[Scraped caption text data]
┏━━

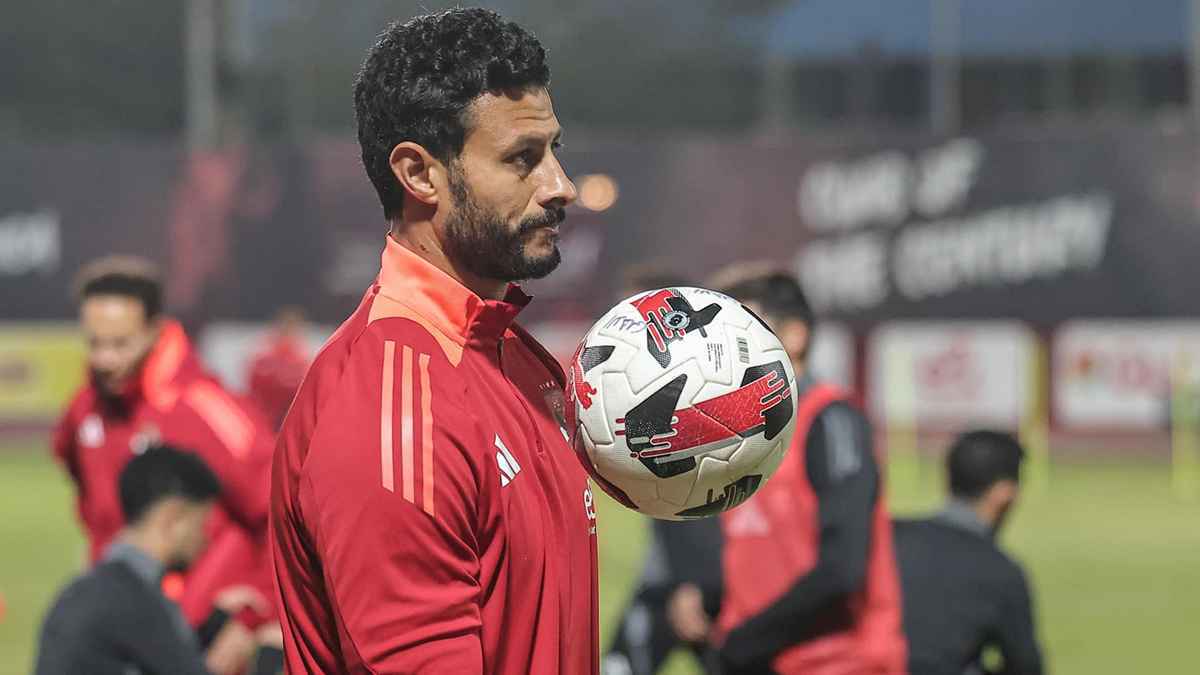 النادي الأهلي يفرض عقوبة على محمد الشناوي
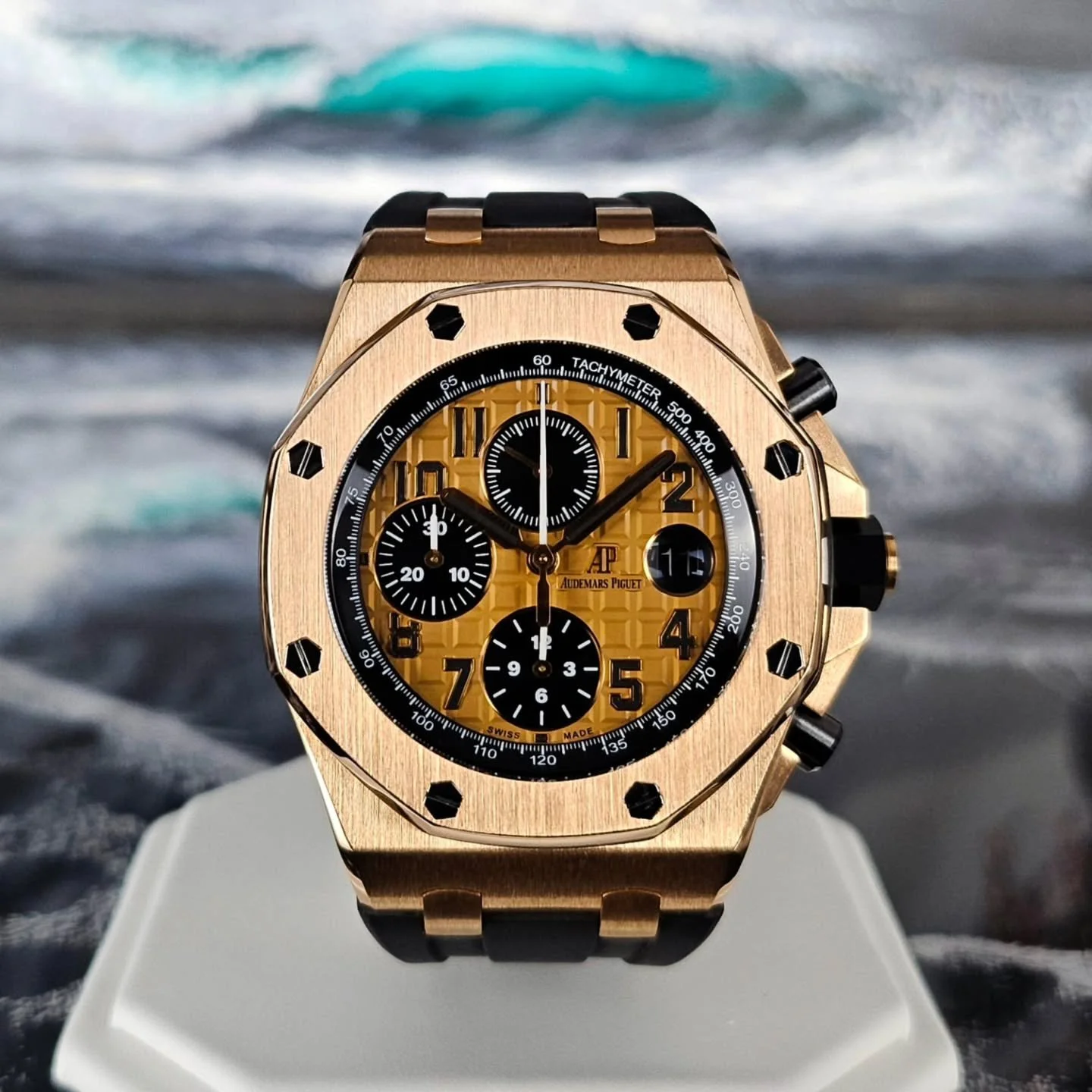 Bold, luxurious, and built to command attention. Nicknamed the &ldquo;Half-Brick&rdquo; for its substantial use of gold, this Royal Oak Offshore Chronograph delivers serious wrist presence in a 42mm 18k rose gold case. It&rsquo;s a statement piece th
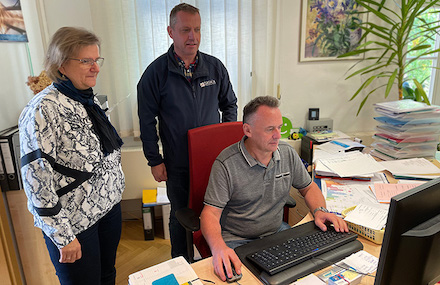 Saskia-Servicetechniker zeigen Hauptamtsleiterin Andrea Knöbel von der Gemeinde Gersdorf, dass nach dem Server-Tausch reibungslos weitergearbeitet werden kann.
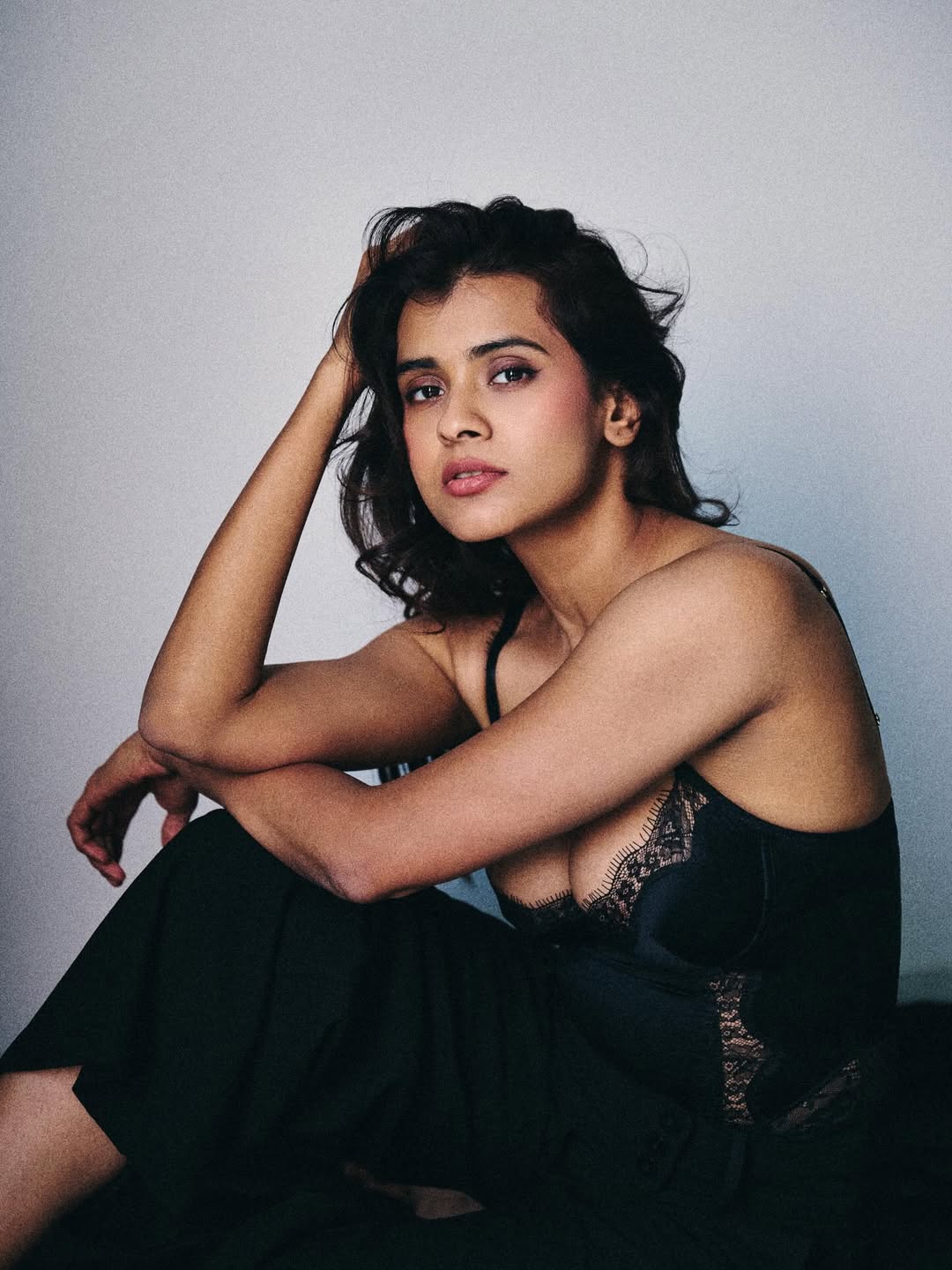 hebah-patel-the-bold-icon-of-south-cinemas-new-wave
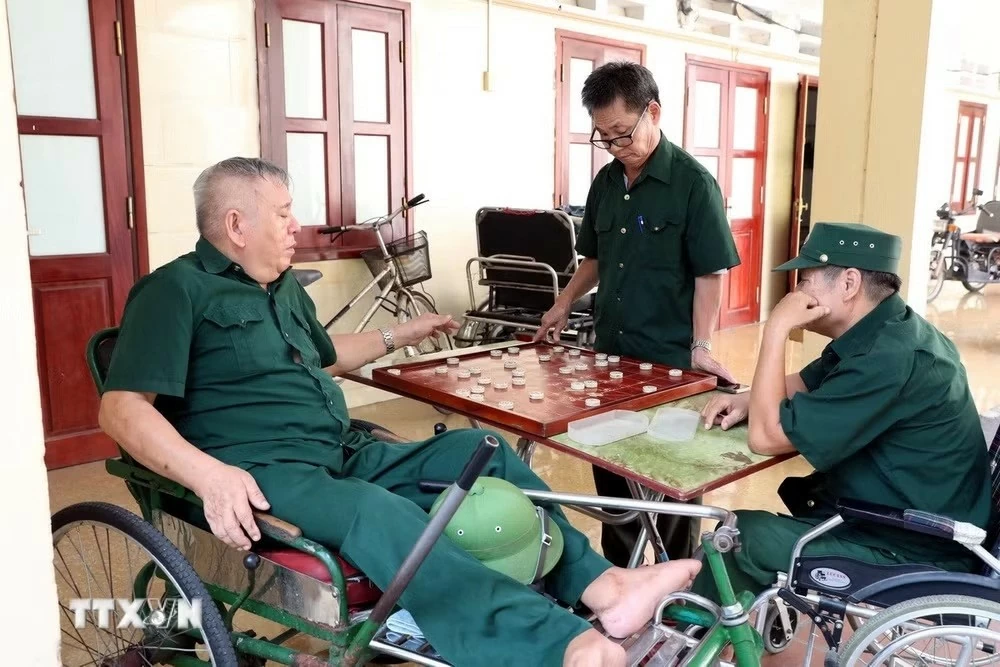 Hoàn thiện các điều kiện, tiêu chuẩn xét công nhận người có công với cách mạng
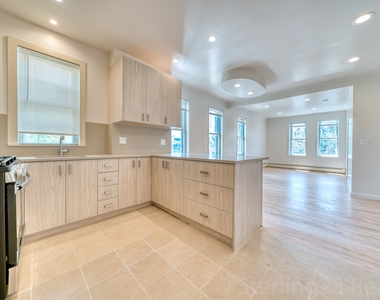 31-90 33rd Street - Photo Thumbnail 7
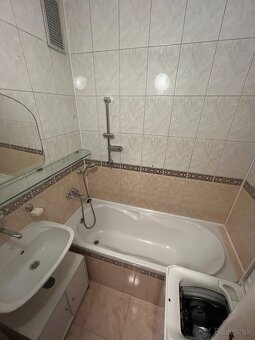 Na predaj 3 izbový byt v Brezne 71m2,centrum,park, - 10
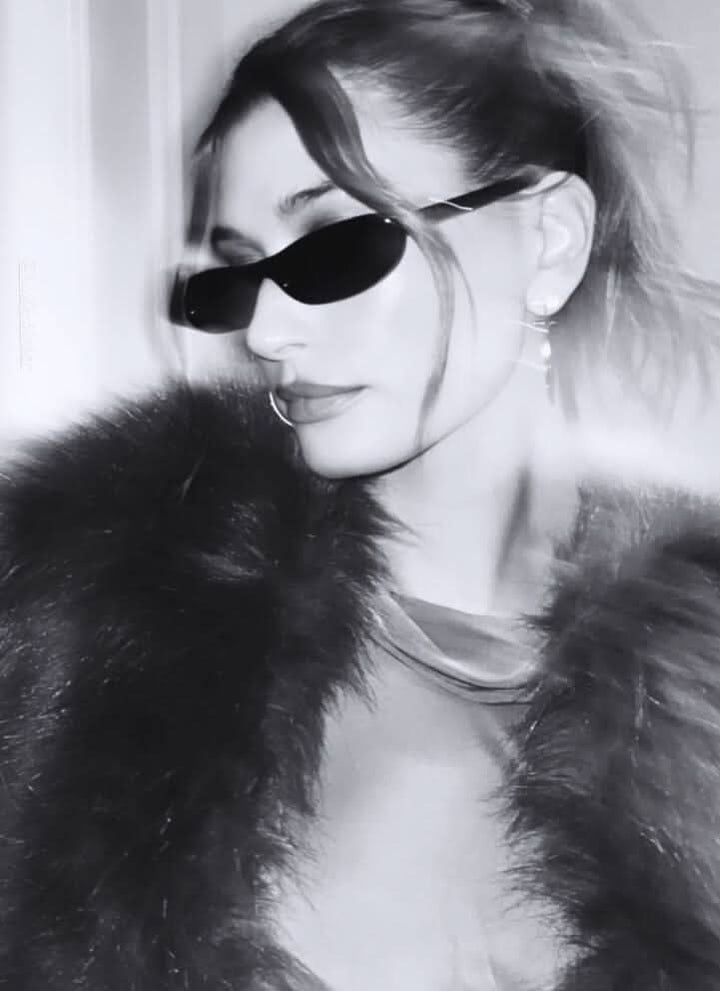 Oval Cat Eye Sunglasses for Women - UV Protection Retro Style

┗━━

**Required action:** The answer must be the lines above, word for word, from the first one through the line with "Bold, luxurious, and", pictures excluded.

**Task output:**
 النادي الأهلي يفرض عقوبة على محمد الشناوي
 Bold, luxurious, and built to command attention. Nicknamed the &ldquo;Half-Brick&rdquo; for its substantial use of gold, this Royal Oak Offshore Chronograph delivers serious wrist presence in a 42mm 18k rose gold case. It&rsquo;s a statement piece th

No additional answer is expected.